**WHAT IS NEEDED:**
Find the line containing "Editing page properties" in the material below; copy that line and all following lines exactly.
** Opening DATA EXTRACTS block **
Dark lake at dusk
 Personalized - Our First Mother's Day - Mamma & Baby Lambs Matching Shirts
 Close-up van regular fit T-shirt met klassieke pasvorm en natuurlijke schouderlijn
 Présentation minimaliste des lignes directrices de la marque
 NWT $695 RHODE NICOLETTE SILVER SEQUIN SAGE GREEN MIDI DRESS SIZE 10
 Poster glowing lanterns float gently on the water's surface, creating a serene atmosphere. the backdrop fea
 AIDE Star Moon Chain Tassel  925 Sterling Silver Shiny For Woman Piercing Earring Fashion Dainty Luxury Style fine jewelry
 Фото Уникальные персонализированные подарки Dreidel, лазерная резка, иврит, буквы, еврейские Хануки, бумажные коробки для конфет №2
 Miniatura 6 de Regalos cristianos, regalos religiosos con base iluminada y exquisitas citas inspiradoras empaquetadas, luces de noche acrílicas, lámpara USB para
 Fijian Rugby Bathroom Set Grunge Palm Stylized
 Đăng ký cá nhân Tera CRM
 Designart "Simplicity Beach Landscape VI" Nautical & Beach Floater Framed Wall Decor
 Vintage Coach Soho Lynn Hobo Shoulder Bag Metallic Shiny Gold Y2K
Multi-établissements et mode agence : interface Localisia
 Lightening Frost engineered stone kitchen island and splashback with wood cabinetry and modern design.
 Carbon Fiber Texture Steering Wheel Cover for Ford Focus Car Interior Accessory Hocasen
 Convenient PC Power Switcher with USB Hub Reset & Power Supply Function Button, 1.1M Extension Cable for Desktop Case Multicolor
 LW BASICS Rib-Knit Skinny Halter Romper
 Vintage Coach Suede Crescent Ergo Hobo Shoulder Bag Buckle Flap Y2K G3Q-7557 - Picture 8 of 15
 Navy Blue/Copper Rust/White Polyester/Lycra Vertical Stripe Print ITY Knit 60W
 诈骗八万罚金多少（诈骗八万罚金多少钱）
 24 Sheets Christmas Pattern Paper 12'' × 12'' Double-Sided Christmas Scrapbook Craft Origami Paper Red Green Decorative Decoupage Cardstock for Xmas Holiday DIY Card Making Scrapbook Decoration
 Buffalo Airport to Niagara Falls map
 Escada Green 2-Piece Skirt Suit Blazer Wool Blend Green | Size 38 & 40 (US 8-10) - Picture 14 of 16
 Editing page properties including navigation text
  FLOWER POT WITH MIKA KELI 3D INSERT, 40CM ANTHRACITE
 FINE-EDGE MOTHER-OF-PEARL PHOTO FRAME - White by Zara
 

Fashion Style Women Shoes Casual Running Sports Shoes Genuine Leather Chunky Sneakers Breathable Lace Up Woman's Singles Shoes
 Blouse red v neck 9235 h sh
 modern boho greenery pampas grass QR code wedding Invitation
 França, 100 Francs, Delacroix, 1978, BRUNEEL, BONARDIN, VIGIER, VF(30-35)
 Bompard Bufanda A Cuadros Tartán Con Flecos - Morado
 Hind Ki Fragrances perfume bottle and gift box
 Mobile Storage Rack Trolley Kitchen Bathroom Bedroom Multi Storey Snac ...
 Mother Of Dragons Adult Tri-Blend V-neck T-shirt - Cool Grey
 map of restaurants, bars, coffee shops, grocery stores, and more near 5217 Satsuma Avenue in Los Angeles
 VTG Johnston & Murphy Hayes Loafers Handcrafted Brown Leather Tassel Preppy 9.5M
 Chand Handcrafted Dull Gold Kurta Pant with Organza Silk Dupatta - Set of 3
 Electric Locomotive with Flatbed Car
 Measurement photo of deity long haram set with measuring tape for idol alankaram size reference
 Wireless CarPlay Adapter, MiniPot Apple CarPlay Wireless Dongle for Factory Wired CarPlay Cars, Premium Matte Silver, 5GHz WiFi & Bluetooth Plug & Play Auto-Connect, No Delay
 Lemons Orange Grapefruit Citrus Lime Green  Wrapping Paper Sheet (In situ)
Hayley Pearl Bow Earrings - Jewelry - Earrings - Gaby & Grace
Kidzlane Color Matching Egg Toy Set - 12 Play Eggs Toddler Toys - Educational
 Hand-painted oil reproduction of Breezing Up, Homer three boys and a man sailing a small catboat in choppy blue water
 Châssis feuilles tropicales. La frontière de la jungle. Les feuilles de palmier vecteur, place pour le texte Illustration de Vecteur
** Closing DATA EXTRACTS block **
**YOUR RESPONSE:**
 Editing page properties including navigation text
  FLOWER POT WITH MIKA KELI 3D INSERT, 40CM ANTHRACITE
 FINE-EDGE MOTHER-OF-PEARL PHOTO FRAME - White by Zara
 

Fashion Style Women Shoes Casual Running Sports Shoes Genuine Leather Chunky Sneakers Breathable Lace Up Woman's Singles Shoes
 Blouse red v neck 9235 h sh
 modern boho greenery pampas grass QR code wedding Invitation
 França, 100 Francs, Delacroix, 1978, BRUNEEL, BONARDIN, VIGIER, VF(30-35)
 Bompard Bufanda A Cuadros Tartán Con Flecos - Morado
 Hind Ki Fragrances perfume bottle and gift box
 Mobile Storage Rack Trolley Kitchen Bathroom Bedroom Multi Storey Snac ...
 Mother Of Dragons Adult Tri-Blend V-neck T-shirt - Cool Grey
 map of restaurants, bars, coffee shops, grocery stores, and more near 5217 Satsuma Avenue in Los Angeles
 VTG Johnston & Murphy Hayes Loafers Handcrafted Brown Leather Tassel Preppy 9.5M
 Chand Handcrafted Dull Gold Kurta Pant with Organza Silk Dupatta - Set of 3
 Electric Locomotive with Flatbed Car
 Measurement photo of deity long haram set with measuring tape for idol alankaram size reference
 Wireless CarPlay Adapter, MiniPot Apple CarPlay Wireless Dongle for Factory Wired CarPlay Cars, Premium Matte Silver, 5GHz WiFi & Bluetooth Plug & Play Auto-Connect, No Delay
 Lemons Orange Grapefruit Citrus Lime Green  Wrapping Paper Sheet (In situ)
Hayley Pearl Bow Earrings - Jewelry - Earrings - Gaby & Grace
Kidzlane Color Matching Egg Toy Set - 12 Play Eggs Toddler Toys - Educational
 Hand-painted oil reproduction of Breezing Up, Homer three boys and a man sailing a small catboat in choppy blue water
 Châssis feuilles tropicales. La frontière de la jungle. Les feuilles de palmier vecteur, place pour le texte Illustration de Vecteur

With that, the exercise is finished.